- Born: Kittur, Mysore, Karnataka, India
- Other name: Suman Kittur
- Occupations: Film director; lyricist; screenwriter; journalist;
- Years active: 2007–present
- Spouse: Sreenivas ​(m. 2020)​

= Sumana Kittur =

Indian journalist

D. Suman Kittur is an Indian journalist, film director and lyricist working in Kannada cinema. She began as an independent director with Slum Bala (2008), before working on films such as Kallara Santhe (2009), Edegarike (2012) and Kiragoorina Gayyaligalu (2016). Most of her films deal with anti-social elements. She is one of the few women directors to win a state award.

==Biography==
Suman was born in Kittur, a village near Periyapatna in Mysore district of Karnataka. Her father owned a small theatre in the same village. With the love and passion for cinemas, he ran the theatre, though it faced huge losses. His vision to bring entertainment even to small towns was the reason she took movies. Her Inspiration came from her father initially. After her graduation, she moved to Bangalore, when the villagers forced her to marry.

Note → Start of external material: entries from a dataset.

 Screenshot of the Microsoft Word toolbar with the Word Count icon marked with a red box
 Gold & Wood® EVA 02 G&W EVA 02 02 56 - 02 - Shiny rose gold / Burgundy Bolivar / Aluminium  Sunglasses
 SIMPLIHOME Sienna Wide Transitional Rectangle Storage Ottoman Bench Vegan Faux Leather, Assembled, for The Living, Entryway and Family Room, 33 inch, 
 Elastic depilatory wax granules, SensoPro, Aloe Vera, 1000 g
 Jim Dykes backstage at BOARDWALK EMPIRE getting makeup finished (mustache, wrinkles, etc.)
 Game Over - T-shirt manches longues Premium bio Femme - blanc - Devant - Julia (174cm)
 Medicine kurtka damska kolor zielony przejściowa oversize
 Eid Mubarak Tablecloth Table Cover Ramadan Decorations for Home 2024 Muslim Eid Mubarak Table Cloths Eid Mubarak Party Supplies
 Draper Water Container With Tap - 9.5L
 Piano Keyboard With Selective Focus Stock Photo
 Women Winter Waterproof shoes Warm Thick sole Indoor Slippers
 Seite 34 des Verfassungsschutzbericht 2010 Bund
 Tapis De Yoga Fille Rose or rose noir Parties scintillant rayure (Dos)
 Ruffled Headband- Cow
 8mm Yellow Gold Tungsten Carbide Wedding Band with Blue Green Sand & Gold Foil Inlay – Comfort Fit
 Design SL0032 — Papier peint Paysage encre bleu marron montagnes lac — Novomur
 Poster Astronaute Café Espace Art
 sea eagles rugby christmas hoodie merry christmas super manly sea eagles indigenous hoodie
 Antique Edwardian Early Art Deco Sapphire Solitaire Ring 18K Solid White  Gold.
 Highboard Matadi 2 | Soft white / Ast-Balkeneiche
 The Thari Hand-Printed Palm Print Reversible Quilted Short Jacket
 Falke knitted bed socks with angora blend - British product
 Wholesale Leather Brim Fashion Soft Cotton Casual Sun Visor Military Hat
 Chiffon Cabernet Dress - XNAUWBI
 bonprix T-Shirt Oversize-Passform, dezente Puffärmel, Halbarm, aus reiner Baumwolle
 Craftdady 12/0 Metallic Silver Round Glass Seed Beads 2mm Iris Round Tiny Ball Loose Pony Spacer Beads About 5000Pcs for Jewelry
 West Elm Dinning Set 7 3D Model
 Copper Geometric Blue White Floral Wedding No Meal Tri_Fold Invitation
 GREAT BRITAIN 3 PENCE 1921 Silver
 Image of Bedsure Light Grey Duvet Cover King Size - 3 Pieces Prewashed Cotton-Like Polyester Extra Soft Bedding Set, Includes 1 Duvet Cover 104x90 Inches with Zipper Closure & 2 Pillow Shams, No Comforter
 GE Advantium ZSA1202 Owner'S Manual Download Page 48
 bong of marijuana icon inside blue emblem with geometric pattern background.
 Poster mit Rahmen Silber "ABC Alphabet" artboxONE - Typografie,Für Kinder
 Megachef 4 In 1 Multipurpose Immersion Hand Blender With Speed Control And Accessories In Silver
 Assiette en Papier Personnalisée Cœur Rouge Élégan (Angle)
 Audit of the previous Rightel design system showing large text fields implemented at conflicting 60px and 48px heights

Seeing the talent she possessed, her father took him to journalist turned film director Agni Shridhar. Later his father died and She began her film career assisting him. She began her life as a writer for Agni Journals. With her writing skills she later began writing songs and scripts for movies. Foreseeing her talent, his guru gave the first opportunity to work in films. She began with film Aa Dinagalu. Though she took the entire work of the film, she gave credits to the director and later realising her talent she was given the huge responsibility of become a debut director.

==Filmography==

| Year | Title | Role | Notes | Ref. |
|---|---|---|---|---|
| 2007 | Aa Dinagalu | Associate director and lyricist |  |  |
| 2008 | Slum Bala | Director, lyricist |  |  |
| 2009 | Kallara Santhe | Director, lyricist | Karnataka State Film Award (Special Jury Award) |  |
| 2012 | Edegarike | Director, screenwriter, lyricist | Karnataka State Film Award for Third Best Film Bangalore International Film Festival Special Jury Award Nominated, Filmfare Award for Best Director Nominated, Bangalore Times Film Award for Best Director |  |
| 2016 | Kiragoorina Gayyaligalu | Director |  |  |

==Personal life==
Sumana Kittur was married on 17 April 2020.